To determine if you're working with solid brass, one simple method is to put a magnet up against the hardware. Solid brass components are not magnetic. If the magnet is drawn to the metal, you're dealing with brass-plated hardware, so you'll know to be extra gentle in your cleaning and polishing.
Dunk Hardware in Warm Water
Now that your hardware is removed and you're ready to clean, the next step is to wipe off any dust or debris with a lint-free cloth. Then, dunk the items in lukewarm water. Let the hardware soak for a minute or two before removing. If there is a lot of dirt on the hardware, mix the water with a mild dish detergent to loosen up any gunk. After you remove the hardware from the water, do not dry it. You'll want it wet for the next step.
Sprinkle on Brass Cleaning Solution
Make sure your hardware is still wet to the touch. If it's not, rinse again with water. Then, sprinkle on your brass cleaning solution so the metal is completely covered. You can use a product like Bar Keeper's Friend, which can be found at most grocery stores or online.
If you are using vinegar and baking soda to clean your metal, first brush the hardware with a layer of vinegar. Then, sprinkle on the baking soda. The combination of the vinegar and baking soda is what will help remove the tarnish. You don't want to mix the vinegar and baking soda together in a bowl. You want the baking soda to hit the vinegar directly on the metal. When it starts to fizz, you'll know it's working.

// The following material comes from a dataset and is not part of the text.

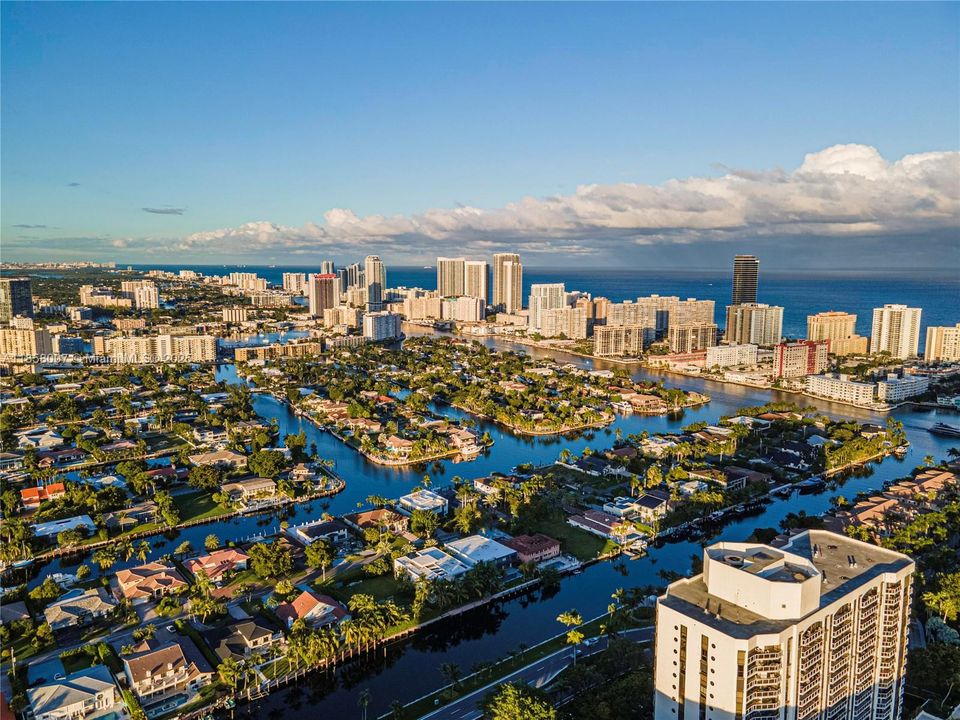 For Sale: $9,690,000 (6 beds, 6 baths, 6997 Square Feet)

Rub Surface Gently With a Toothbrush
Since you sprinkled on the cleaning solution when the metal was wet, you should be left with the beginnings of a paste. Take a soft-bristled toothbrush and start gently buffing the surface, which will help create more of a paste and start removing the tarnish. You'll have to go over the metal a few times if the piece had a lot of build up. Add more water and metal cleaner as needed.
If you're using the baking soda and vinegar method, dip your toothbrush in a bowl of vinegar and use that to buff the baking soda mixture on the metal.
You'll notice when the tarnish starts to come off the metal. If you don't want all the tarnish and patina removed, focus the toothbrush on the high points of the metal and avoid any crevices and edges.
Rinse Then Buff With a Damp Cloth
Once the metal is cleaned to your liking, use lukewarm water to rinse off any remaining cleaning solution. Next, take a damp lint-free cloth or paper towel to buff the hardware. Make sure each piece is dried completely to prevent rust or tarnish issues.
Enjoy your newly cleaned hardware!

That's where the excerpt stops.